The Reinvention of a City’s Spirit
Beyond the rolling green hills and fire red rocks near Aspen, there are several cities begging to be explored. Not through pushy marketing campaigns or loud tourist attractions, but through unique stories and a back to basics living style. I can’t think of a better way to learn more about a city than through its people, whose city pride can be measured in marble.
Most of the people we have met in Colorado so far are transplants. These citizens have gone through great lengths to find themselves here, taking huge chances to reinvent their lives and, in turn, have now built incredible communities. It’s hard not to feel like I’ve stumbled upon the Old West, when people moved across the country in search of greener pastures and better opportunities. Each new person that I meet has their own tale, highlighted with how and why their city has triumphed and what their role in that community has been. Restaurant owners are taking risks with farm-to-table style dining, bed and breakfast managers are searching for new ways to bring in tourist by gambling on a hot springs oasis, fishing guides want to be known for not only giving awesome trips but also sharing their advice, and managers have moved across the country because they believed in the spirit of a town and that they had a purpose because of that.
My favorite story so far is one of dedicated persistence and courage.

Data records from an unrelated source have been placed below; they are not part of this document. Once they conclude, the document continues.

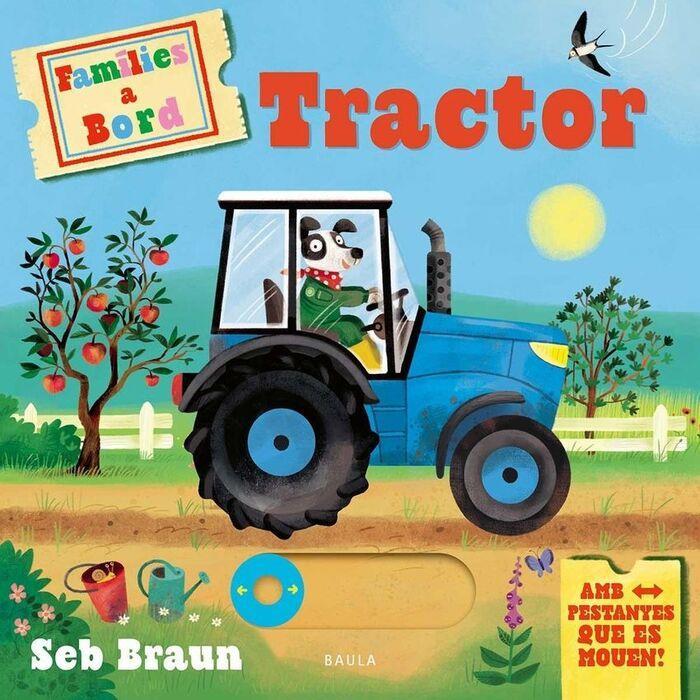 TRACTOR | 9788447953363 | SEB BRAUN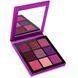 Палетка тіней для повік Huda Beauty Obsessions Amethyst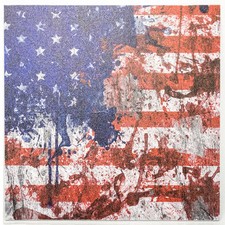 Infused Kydex USA Paint Print 7.5" X 7.5" Sheet Multi Lots As Low As 8/Sheet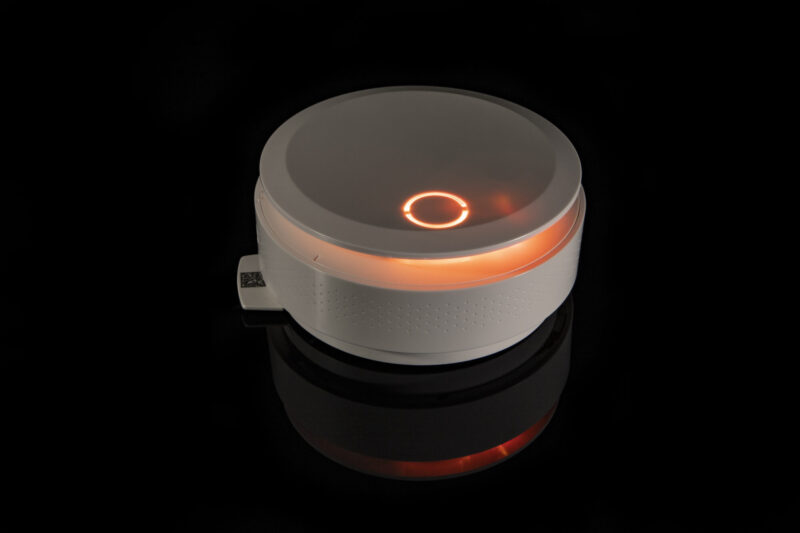 Autromica smoke alarm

After reading an out of date mine book in college, an engineer student and his girlfriend, Steve and Jeanne Beckley, became fascinated and obsessed with the Glenwood Caves. Steve wrote a letter to the owner seeking entry to the closed off caverns. Hearing no word back, he continued to write and pursue the caves for 16 years before his letters were finally returned and he was allowed to visit the caves. A few years later and with many more letters from the owner, Steve was allowed to lease the caves and started doing tours. In his first summer he had 40,000 visitors. Having since bought the land, he has continued adding on to the experience, putting in an alpine coaster, bungee jump and a giant swing ride that swings riders out over the River- all to bring out the spirit and history of this cherished place.
I will leave these cities with more much than memories of kayaks and hot springs. The impressions made on me by these remarkable and charming people have reminded me that the best things in life are worth fighting for and it really is the people who inspire us and befriend us that makes it worth living.